“L’ennesima operazione di arresto di una baby gang – questa volta a Torino dove quattro giovani tra i 15 e i 17 anni seminavano il terrore – rilancia l’allarme sulla criminalità di ragazzi sempre più giovani di età e anche di ragazze (le baby gang al femminile non sono più una novità) che si è diffuso con rapidità e da tempo in grandi e piccole città di tutto il territorio nazionale.
Puntualmente ad ogni episodio che finisce sui giornali si susseguono “letture” sociologiche e scontati commenti politici.
Nessuno però si chiede cosa accade quando i ragazzi sono arrestati e a cosa servano i 17 Istituti Penali per Minorenni che ospitano oggi circa 300 giovanissimi, un numero forse mai così basso negli ultimi due anni a causa della diffusione della pandemia che ha orientato i magistrati a ricorrere ad altre misure, a fronte dei circa 15mila ragazzi che sono in carica al nostro sistema giudiziario”.
A sostenerlo è il segretario generale del S.PP. – Sindacato Polizia Penitenziaria – Aldo Di Giacomo che aggiunge: “il primo problema è infrastrutturale oltre che di personale. Invece di stanziare 28 milioni per le casette per l’amore il Ministero dovrebbe pensare agli istituti per minori per potenziarne il ruolo effettivo di rieducazione oltre all’adeguamento delle strutture carcerarie esistenti, fatiscenti e vetuste.

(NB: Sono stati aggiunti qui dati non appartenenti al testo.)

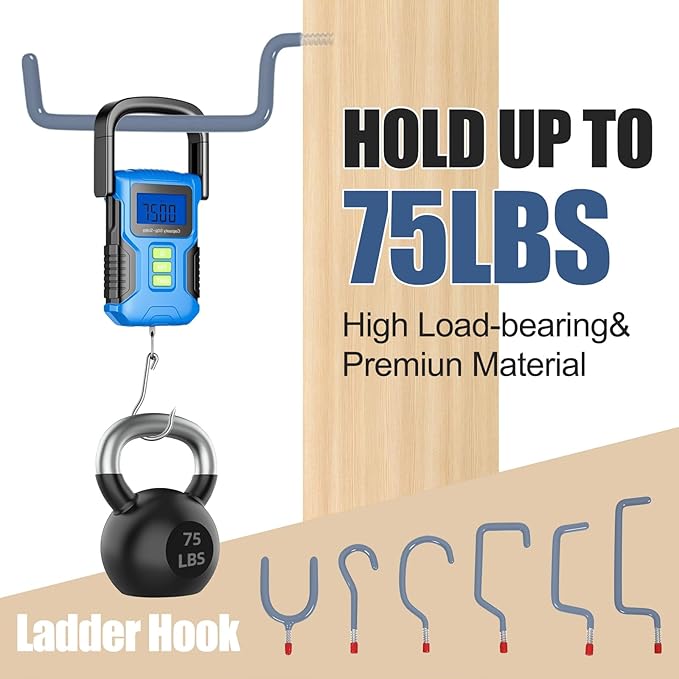 Garage Hooks Heavy Duty, 12-Pack Mixed Utility Garage Hooks, Wall Mounted Steel Tool Hangers for Garage Wall Organizer, Hold Ladders Tools Bikes(Gray, 6 Type & 12 Pack)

Se è utile ed importante soprattutto per le famiglie e gli educatori della scuola capire un fenomeno in forte crescita e diffusione lo è altrettanto – afferma – interrogarsi su cosa fare per la rieducazione dei giovanissimi autori di reati, perché un elemento credo sia da tutti condiviso: l’attuale sistema carcerario per minori non serve a nulla.

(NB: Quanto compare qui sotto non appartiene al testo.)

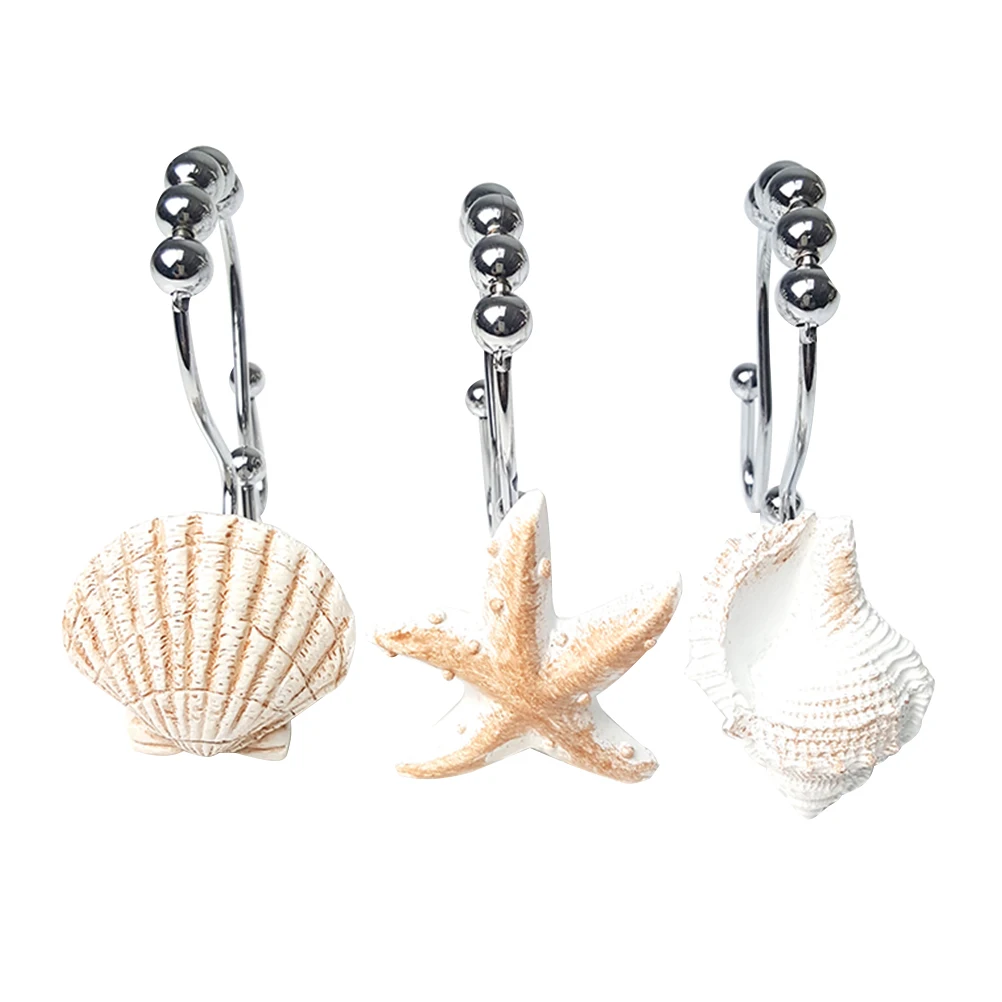 12 шт. крючки для штор морская улитка раковина вешалка фото занавески|Крючки и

Anzi il 90% di chi entra in un istituto per minori si avvia verso una “carriera criminale”
passando come stadio successivo immediato al carcere normale.

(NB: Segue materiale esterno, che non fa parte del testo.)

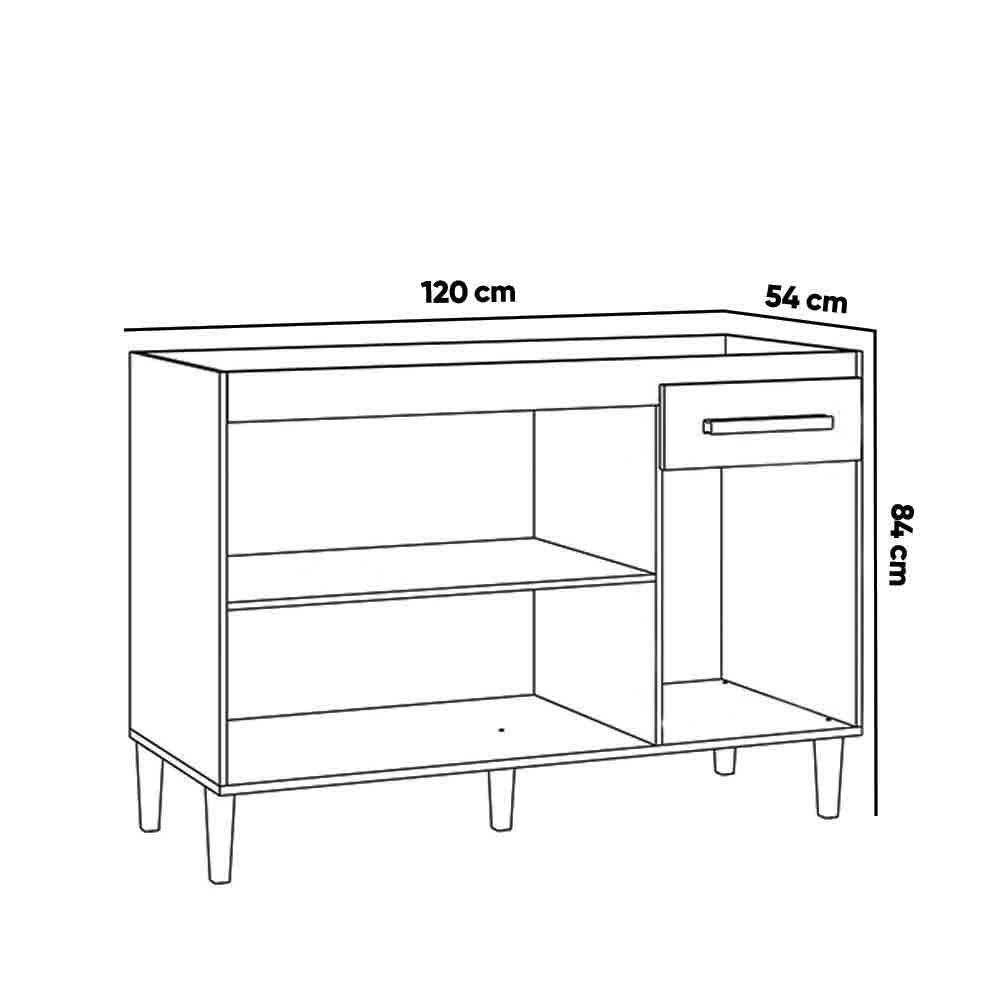 Balcão Cozinha Com Tampo 120cm 1 Gaveta Grazieli A09 - D'rossi Atacama E Off White - 4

Il 70% dei ragazzi entra per custodia cautelare, con una permanenza media di poco superiore ai 100 giorni.
La novità degli ultimi anni riguarda la presenza in forte aumento di ragazzi stranieri che ad oggi sono intorno al 50% del totale. In questa situazione esplosiva – dice il segretario del S.PP. – diventa fondamentale avviare percorsi innanzitutto di studio e poi di formazione al lavoro e, contestualmente, rafforzare le attività ed esperienze di lavori socialmente utili.
I ragazzi devono imparare un mestiere e convincersi che il proprio riscatto è nel non delinquere.
Purtroppo dopo la cosiddetta “riforma Cartabia” e quello che accade nelle carceri – dice Di Giacomo – non ci aspettiamo nulla dal Ministro e dal Parlamento per cambiare gli istituti per minori.
E siamo fortemente preoccupati perché la sicurezza dei cittadini, come stiamo ripetendo da tempo, si costruisce a partire dalla gestione dei penitenziari dove comandano ancora “loro”, i boss, i capo-clan, i più violenti, che continuano a rappresentare per troppi giovanissimi esempi da emulare”.